Listed entries -

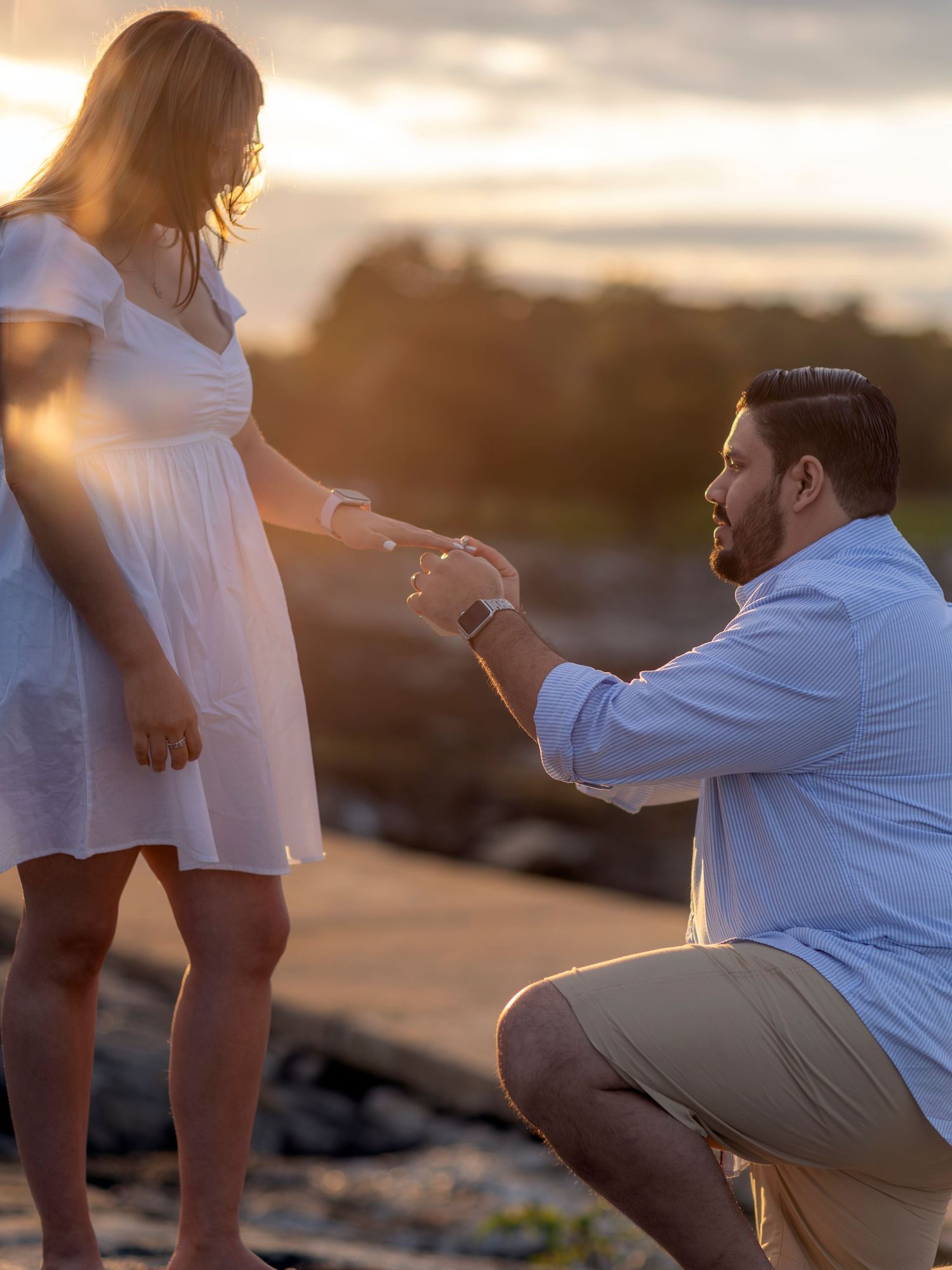 Man kneeling on one knee proposing to woman in white dress at sunset on rocky shore.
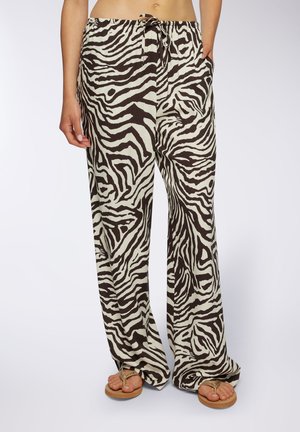Pantaloni a gamba larga in un tessuto beige con un motivo a strisce zebra nere. Presentano una vita elastica con cordino e tasche laterali.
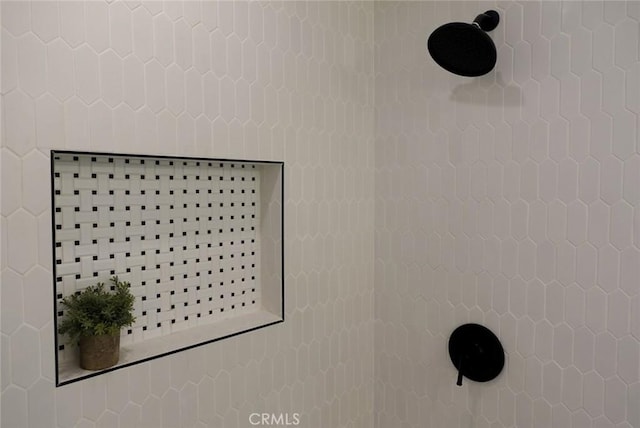 interior details featuring a tile shower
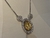 COLAR CRAVEJADO NOSSA SENHORA PRATA E DOURADO na internet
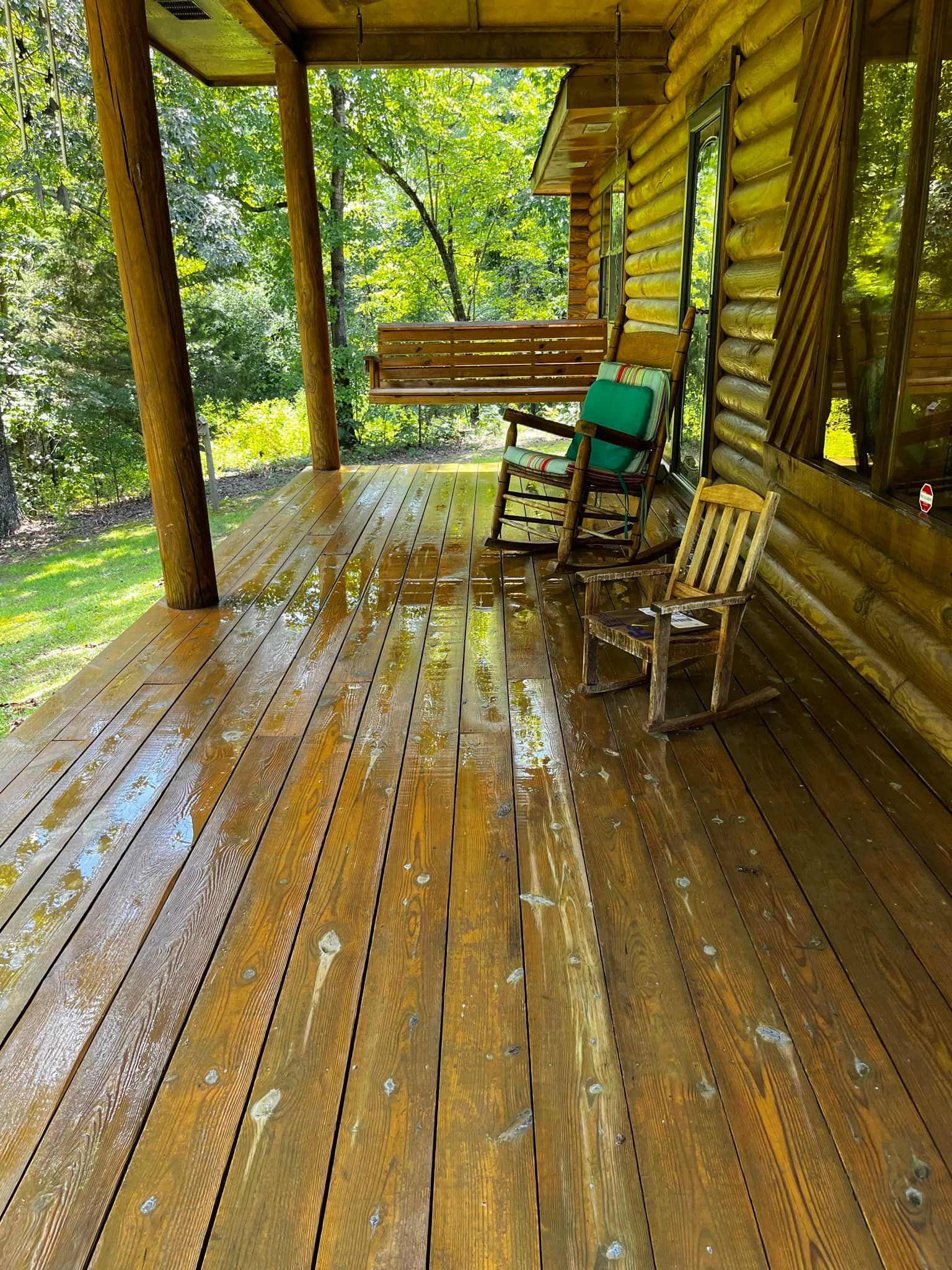 Wooden porch with wet planks, two rocking chairs, and a porch swing. Sunlight streams through the trees.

What the exercise asks - Please return the material above only from the line that holds "Pantaloni a gamba" through the line that holds "COLAR CRAVEJADO NOSSA", exactly as it stands, ends included and pictures omitted.

Answer for this exercise -
Pantaloni a gamba larga in un tessuto beige con un motivo a strisce zebra nere. Presentano una vita elastica con cordino e tasche laterali.
 interior details featuring a tile shower
 COLAR CRAVEJADO NOSSA SENHORA PRATA E DOURADO na internet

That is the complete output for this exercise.